Martin Luther allen treuen, frommen Pfarrern und Predigern Gnade, Barmherzigkeit und Frieden in Christus Jesus, unserm Herrn!

Diesen Katechismus oder christliche Lehre in eine solche kleine, schlichte, einfache Form zu bringen, hat mich die klagenswerte, elende Not gezwungen und gedrungen, die ich neulich erfahren habe, als ich auch Visitator war. Hilf, lieber Gott, wie viel Jammer habe ich da gesehen! Der ungelehrte Mann weiß doch gar nichts von der christlichen Lehre, besonders auf den Dörfern, und viele Pfarrer sind sehr ungeschickt und untüchtig zu lehren. Und doch wollen sie alle Christen sein, getauft sein und die heiligen Sakramente genießen, obwohl sie weder das Vaterunser noch das Glaubensbekenntnis oder die Zehn Gebote kennen, sondern sie leben dahin wie das liebe Vieh und wie unvernünftige Säue. Und jetzt, wo das Evangelium hingekommen ist, da haben sie fein gelernt, alle Freiheit meisterhaft zu missbrauchen!
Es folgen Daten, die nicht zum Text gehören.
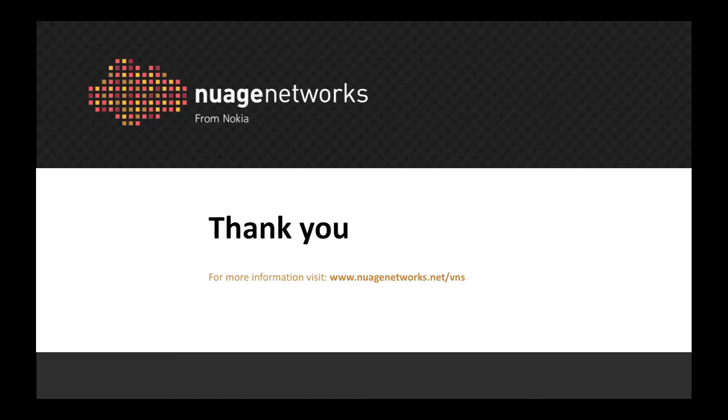For more information, visit www.nuagenetworks.net. Thank you.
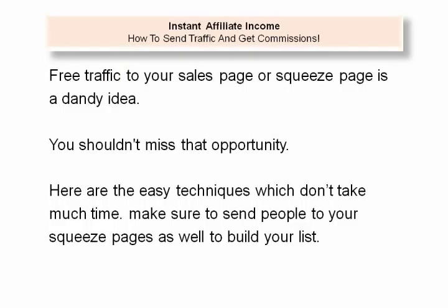So, you want to get free traffic to your sales page or squeeze page. That's a dandy idea. If you're getting free traffic, targeted traffic, then even one product sale leads to making cash with 100% profit. You shouldn't miss that opportunity. Now, how to get free traffic for making affiliate sales? Here are the easy techniques which don't take much time.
O ihr Bischöfe! Wie wollt ihr es vor Christus verantworten, dass ihr das Volk so schändlich habt dahingehen lassen und euer Amt nicht einen Augenblick verwaltet? Dass euch dafür nicht alles Unglück treffe! Ihr verbietet den Kelch beim Abendmahl und legt Wert auf eure Menschengesetze, fragt aber nicht danach, ob sie das Vaterunser, das Glaubensbekenntnis, die Zehn Gebote oder irgendein Gotteswort kennen. Ach und Weh über euren Hals für ewig!

Darum bitte ich um Gottes willen euch alle, meine lieben Herren und Brüder, die ihr Pfarrer und Prediger seid: Nehmt euch eures Amtes von Herzen an und erbarmt euch über euer Volk, das euch anbefohlen ist, und helft uns, den Katechismus unter die Leute, besonders unter die Jugend, zu bringen. Wer es nicht besser vermag, der nehme dieses Hauptstück und Form vor sich und halte sie dem Volk vor, Wort für Wort, und zwar so:

1. Der Prediger hüte sich vor allen Dingen vor verschiedenen und unterschiedlich gestalteten Texten und Formen der Zehn Gebote, des Glaubensbekenntnisses, des Vaterunsers, der Sakramente usw.; er meide sie und nehme statt dessen eine Form, bei der er bleibe und dieselbe immer treibe, ein Jahr wie das andere. Denn das junge und einfache Volk muss man mit einem bestimmten Text und einer Form lehren. Sonst werden sie zu leicht irre, wenn man heute so und ein Jahr später anders lehrt, als wollte man's verbessern, und wird dabei alle Mühe und Arbeit vergeblich.

Das haben die lieben Väter auch wohl gesehen, die das Vaterunser, das Glaubensbekenntnis, die Zehn Gebote alle in einer Weise gebraucht haben. Darum sollen wir auch bei dem jungen und einfachen Volk diese Stücke so lehren, dass wir nicht eine Silbe verändern oder ein Jahr etwas anderes als das nächste vorhalten oder vorsprechen. Darum wähle dir, welche Form du willst, und dabei bleibe ewiglich. Wenn du aber bei den Gelehrten und Verständigen predigst, so kannst du deine Kunst beweisen und diese Stücke so vielgestaltig machen und so meisterhaft darstellen, wie du kannst. Aber bei dem jungen Volk bleibe bei einer festen, ewigen Form und Weise. Lehre sie für das allererste folgende Stücke: die Zehn Gebote, das Glaubensbekenntnis, das Vaterunser usw., nach dem Text, Wort für Wort, dass sie es auch so nachsprechen können und auswendig lernen.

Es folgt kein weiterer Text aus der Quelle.